We understand the difficulty of this task, particularly as it involves numerous federal agencies. Our hope is that the Transportation & Infrastructure Subcommittee will offer FHWA any support that may be needed to encourage other relevant federal agencies to cooperate in reaching timely and workable agreements to implement the Environmental Streamlining provisions fully. It does not seem unreasonable to expect such agreements to be obtained in writing by the end of this fiscal year, two years into TEA21.

Interstate Tolls

Last but not least on our agenda is a provision we lost in TEA21. Section 1216(b) of the legislation establishes the "Interstate System Reconstruction and Rehabilitation Pilot Program," authorizing up to three states to place tolls on existing, toll-free Interstate routes in order to finance reconstruction of the route. We strongly opposed the provision when it was debated in Congress, and since its enactment, we have worked with in-state highway user groups to ensure that public officials are aware of the strong public opposition to Interstate tolls that exists in every state. To date, no state has submitted an application to participate in the pilot program, and FHWA recently extended indefinitely its original March 31, 1999 deadline for applications to be received.
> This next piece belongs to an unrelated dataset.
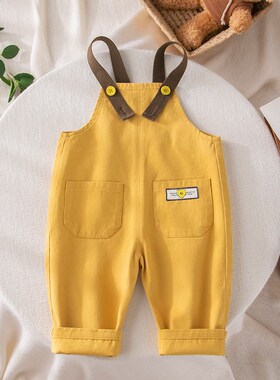 儿童背带裤春秋黄色1-2r-3-4岁宝宝吊带裤男童裤子女孩童裤a类时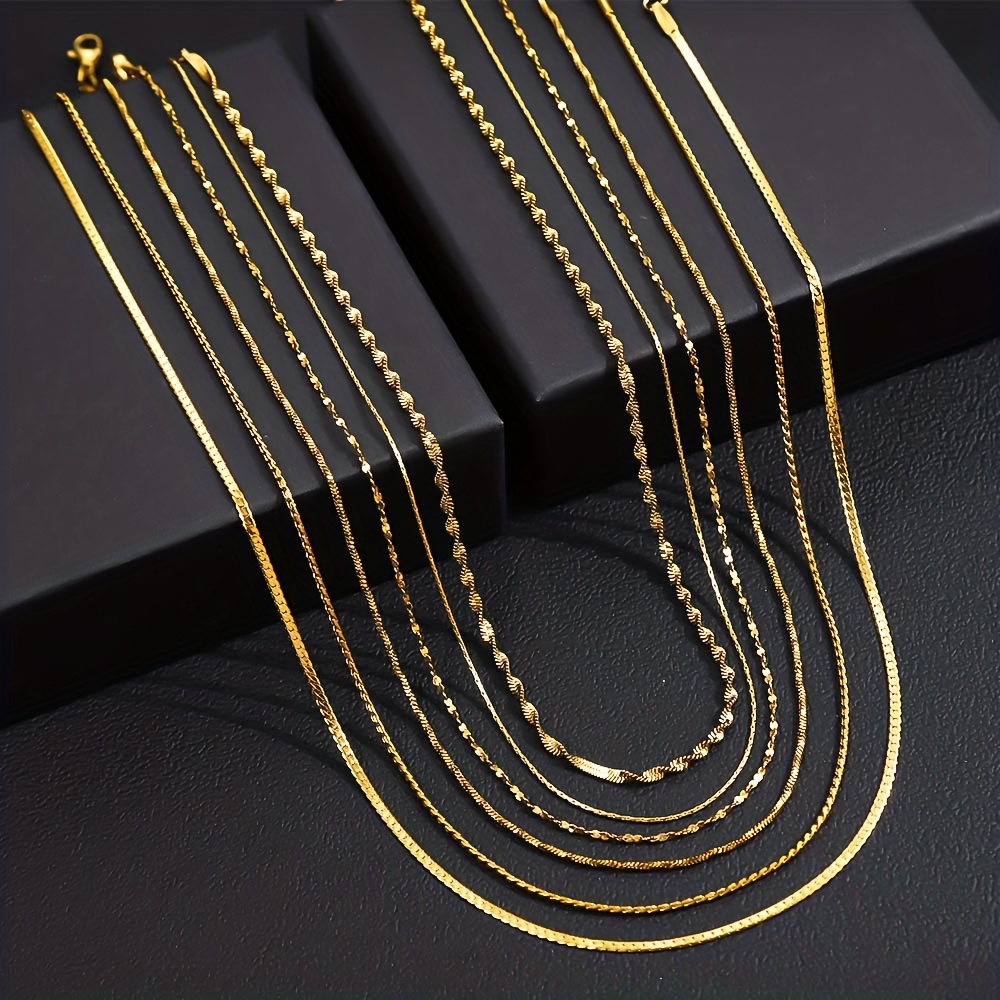 E-shop 6-teiliges elegantes 18K vergoldenetes Edelstahl-Verkettungs-Halsketten-Set - Mehrfach-Ketten-Stacking-Schmuck mit Verkettungsverschluss,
I raise the issue in this hearing not because there is a problem with implementation of the program: FHWA issued clear implementation guidance in its solicitation notice published in the Federal Register on February 10. Instead, I wanted to take this opportunity to reiterate The Highway Users' opposition, and what we believe to be strong public opposition, to tolls on existing, toll-free Interstates. Our hope is that if Congress considers legislation making changes to TEA21, this subcommittee, taking into account the fact that no state has applied to participate in the Interstate tolling program, will simply repeal it.

We understand that these hearings are not necessarily a prelude to any TEA21 mid-course corrections bill, but in case the opportunity for new legislation arises, we wanted to draw your attention again to the highway user community's opposition to Interstate tolls.

Mr. Chairman, thank you for inviting The Highway Users to testify at your first hearing on TEA21 implementation. I will be happy to answer any questions that you or members of the subcommittee may have.